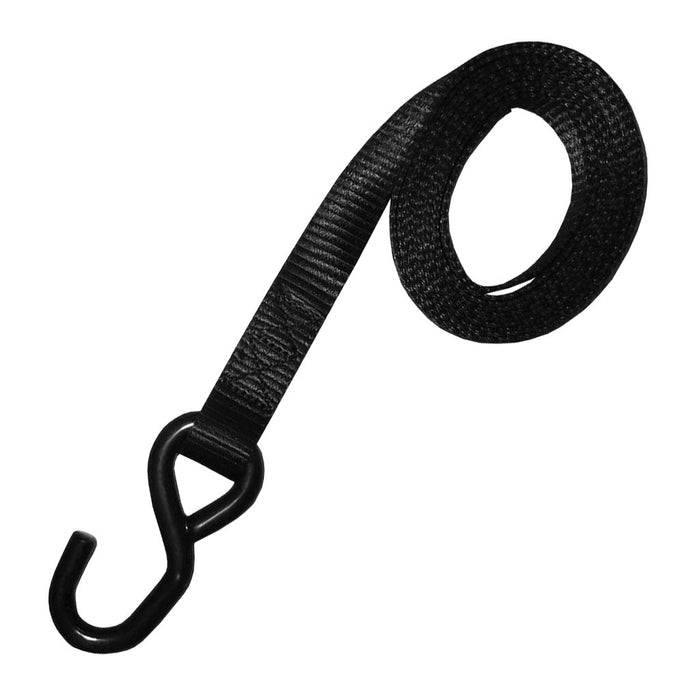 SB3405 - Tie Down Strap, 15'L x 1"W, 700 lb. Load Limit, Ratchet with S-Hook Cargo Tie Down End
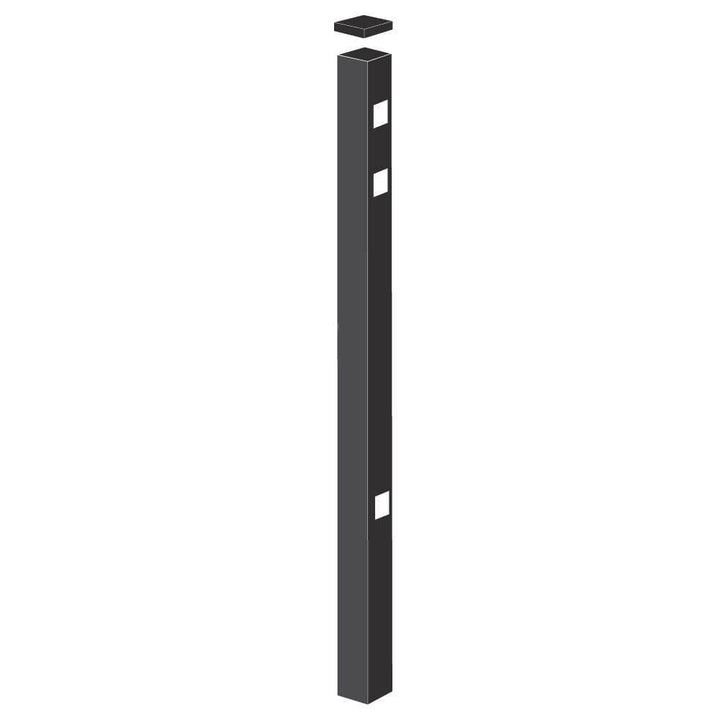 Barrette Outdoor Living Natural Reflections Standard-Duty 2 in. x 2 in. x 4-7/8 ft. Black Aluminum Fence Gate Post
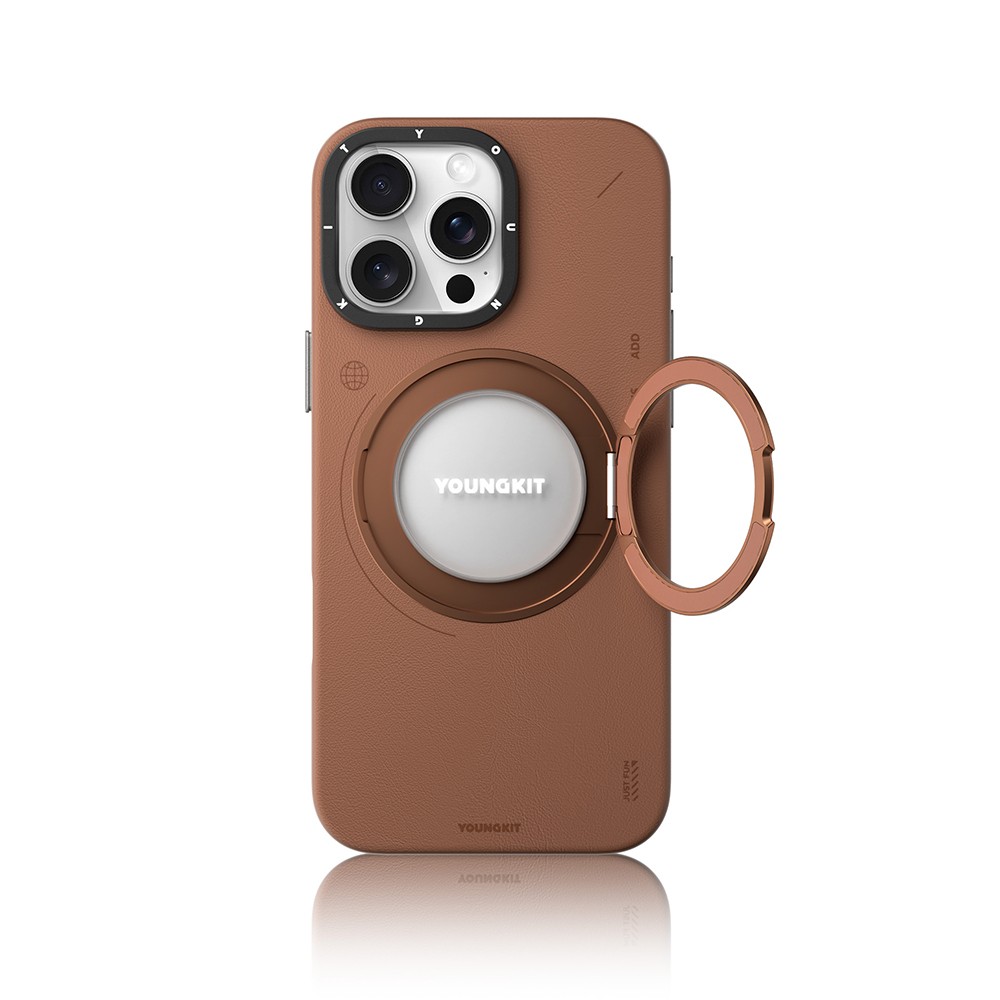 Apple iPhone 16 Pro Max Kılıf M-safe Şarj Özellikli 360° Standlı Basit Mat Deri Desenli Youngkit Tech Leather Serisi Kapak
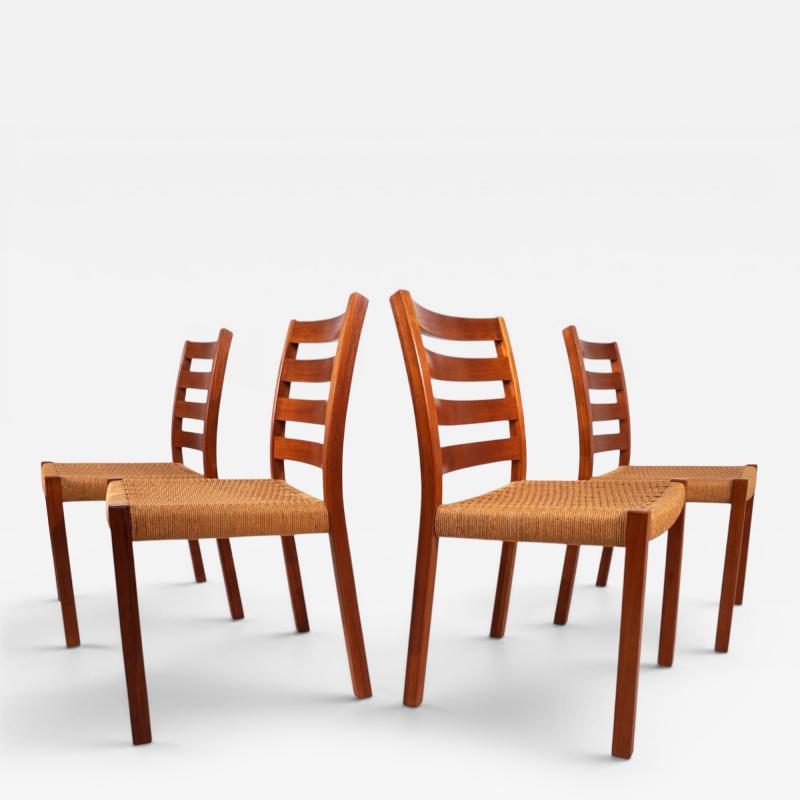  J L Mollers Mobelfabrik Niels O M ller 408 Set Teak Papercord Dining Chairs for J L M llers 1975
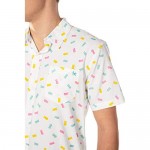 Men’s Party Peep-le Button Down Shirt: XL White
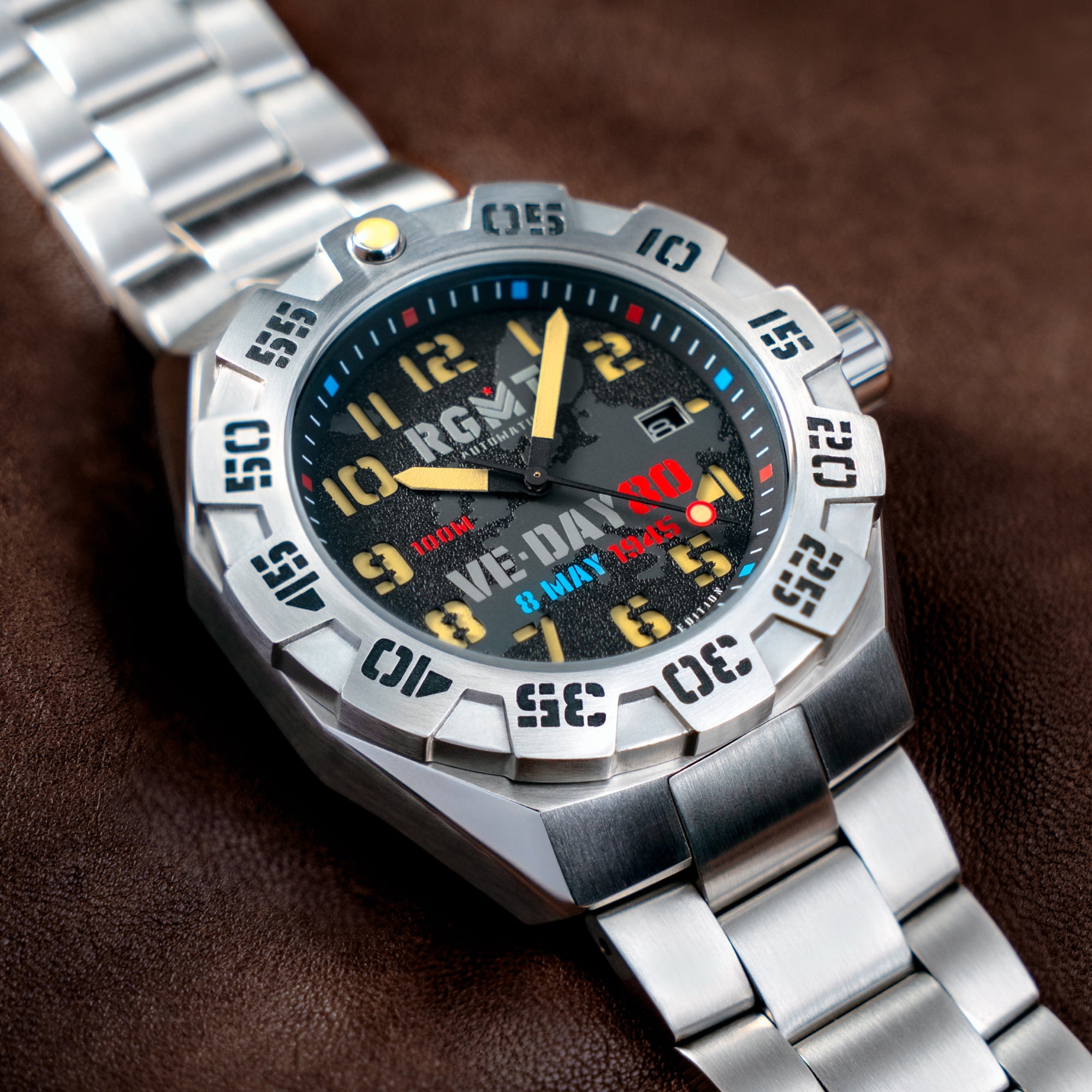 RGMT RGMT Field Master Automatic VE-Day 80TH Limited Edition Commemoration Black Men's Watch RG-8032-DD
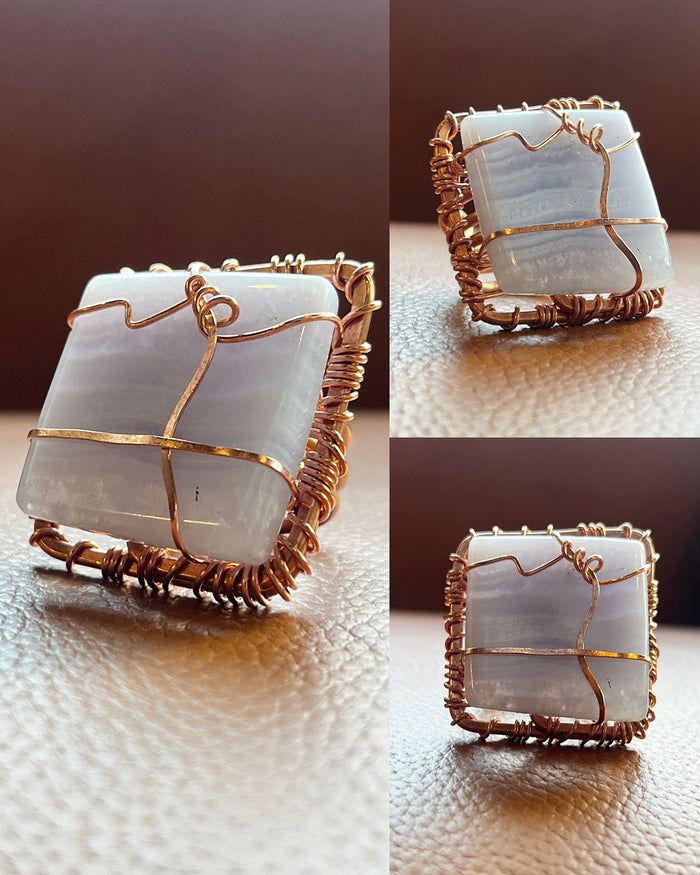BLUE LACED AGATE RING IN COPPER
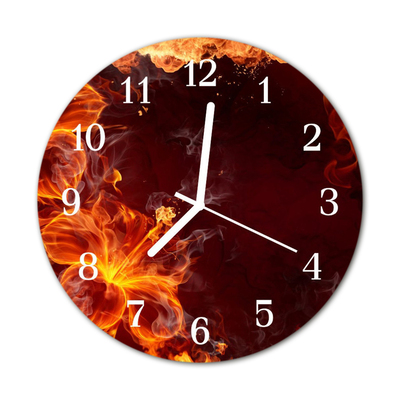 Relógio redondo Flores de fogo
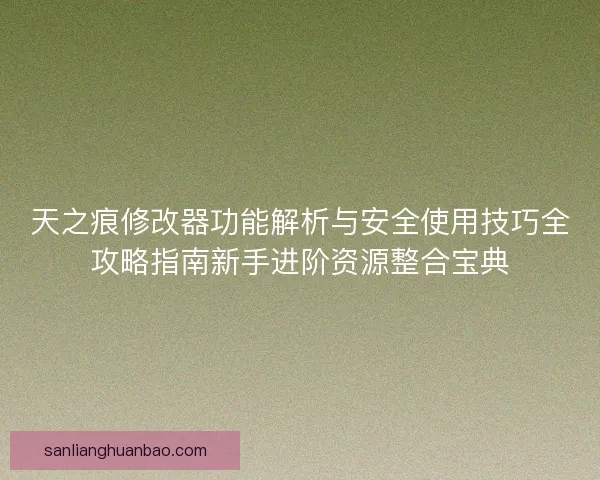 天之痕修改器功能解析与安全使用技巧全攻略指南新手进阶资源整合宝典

Problem to solve — Print the material exactly as given, but not the pictures.

Solution —
 SB3405 - Tie Down Strap, 15'L x 1"W, 700 lb. Load Limit, Ratchet with S-Hook Cargo Tie Down End
 Barrette Outdoor Living Natural Reflections Standard-Duty 2 in. x 2 in. x 4-7/8 ft. Black Aluminum Fence Gate Post
 Apple iPhone 16 Pro Max Kılıf M-safe Şarj Özellikli 360° Standlı Basit Mat Deri Desenli Youngkit Tech Leather Serisi Kapak
  J L Mollers Mobelfabrik Niels O M ller 408 Set Teak Papercord Dining Chairs for J L M llers 1975
 Men’s Party Peep-le Button Down Shirt: XL White
 RGMT RGMT Field Master Automatic VE-Day 80TH Limited Edition Commemoration Black Men's Watch RG-8032-DD
BLUE LACED AGATE RING IN COPPER
 Relógio redondo Flores de fogo
 天之痕修改器功能解析与安全使用技巧全攻略指南新手进阶资源整合宝典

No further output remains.